# led driver/resistor question



## shortstack (Nov 29, 2008)

i always though that for a 1 watt or bigger led (ie led 3 watt star) well i was one this led calculator site (http://led.linear1.org/1led.wiz) that shows you what resistor to use and i typed in the info for a 3 watt led (3.7v 700 mA and 12 volt input for led) and it gave me the resistor "5.9 Watt capable or greater 12 ohm resistor" now these resistors are less then a dollar a peice, and it doesn't say that these will have a problem (ie get to hot or too much load) so why do we have to use a led driver, that is over $5 when we could but the resistor for .50 cents??? someone please clarify this for me. thanks

although on the bottom of the page it says 

"
** This calculator rounds the resistance up to the next standard resistor value. You should actually be able to buy a 5% resistor with the value returned by the calculator.*
*** Power calculations assume use of the standard value current-limiting resistor shown above. Resistor power ratings are chosen based on operating within 60% of the rated value."*


----------



## yellow (Nov 29, 2008)

simply put:
a led runs on a certain current, when supply voltage is at a certain value,
if supply voltage lowers, current lowers in a higher ratio (thats how led work)
means a slight decrease in voltage --> high decrease in brightness.

now with that resistor:
You have a certain battery setup. At the very beginning the voltag is very high, so Your resistor has to be a large value, that the led does not get too much current (not to ).
Immediately the voltage of the battery starts to lower, so does the current (as typed: in a higher ratio).
So just after a few mins, Your current through the led (= output) is way under possibility.

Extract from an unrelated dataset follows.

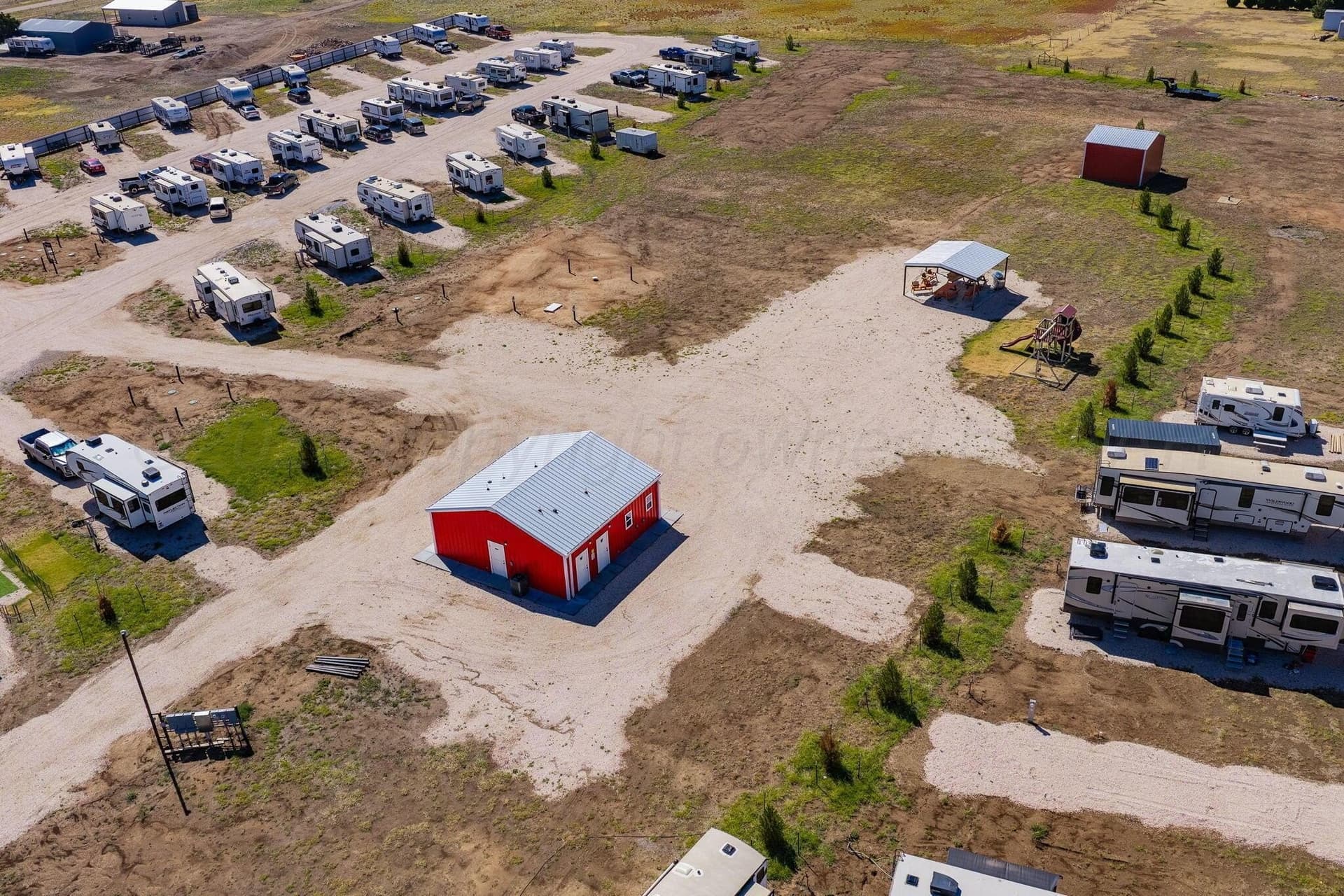 10.53 acres in Armstrong County - photo 38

a good regulation driver keeps the current to the led at the level chosen

see here:
*red line *is the output.
typical behaviour regulation: keeps level stable, for shorter time (draws higher current)
typical behavior direct-drive (= resistor): immedately dropping light, at lower outputs starting to fade away. longer running while consuming less current
ignore the names, pics chosen just for showing general behaviour.
pics are stolen from flashlightreviews







Your resistored light behaves like down and left


----------



## Oznog (Nov 29, 2008)

Resistors are also inefficient. That causes 2 problems. One, if you're running on batteries or doing this as a "green" initiative then the consumption is a problem. Two, it's heat- a lot of heat. 5.9W is twice what the LED produces. Now the nice thing is a resistor doesn't NEED to stay nearly as cool as the LED so no need for a fancy heatsink. But the heat does need to be rejected somehow, the resistor cannot be left insulated inside the enclosure with its temp climbing indefinitely. And it can't be allowed to heat up the LED's heatsink because that raises LED die temp.


----------



## shortstack (Nov 29, 2008)

so basically of i try to use a resistor the led wont last long?


----------



## Oznog (Nov 29, 2008)

If you size the resistor so that the LED does not exceed max specified current at the maximum batt voltage and min Vf, then the LED is in no danger to the LED provided it is sunk properly. BUT, it will dim as batt voltage drops.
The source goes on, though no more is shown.